98-154 / 18-224 / 18-624 Intro to Open-Source Chip Design

Contents

Background

There has been a substantial growth in the use of open-source technologies for hardware design over the past few years. The 2020 release of the open-source, manufacturable Skywater 130nm process node made it possible to design and manufacture a chip using entirely open-source tools. Since then, there have been over 400 chips designed and manufactured on these open-source process nodes.

This provides an interesting educational opportunity for introducing students to chip design in a low-stakes environment, without the overhead of NDAs and complex software stacks. A student only needs a baseline level of digital logic design knowledge to hit the ground running and start exploring how to prepare a simple design for fabrication. They can use interactive Jupyter notebooks to configure and understand each step of the design flow, resulting in a GDS file which they can then submit to be manufactured.

The Course

In Spring 2023, we started a new course in the CMU Electrical & Computer Engineering department: "18-224 Intro to Open Source Chip Design". The course was developed and taught by Anish Singhani, advised by Prof. Bill Nace.
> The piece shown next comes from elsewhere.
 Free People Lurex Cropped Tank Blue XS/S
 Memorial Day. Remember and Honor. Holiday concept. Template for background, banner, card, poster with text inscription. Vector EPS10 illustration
This course is intended to be accessible to students from a wide variety of backgrounds, and get them interested in chip design, to help them decide whether they intend to pursue further study in the space (such as by taking graduate-level coursework in the space, and/or by getting involved in research projects).

Additionally, by culminating the course in a project where students actually tape out a design and get it manufactured, students get the excitement and satisfaction of having something they can hold in their hand and say "I made this".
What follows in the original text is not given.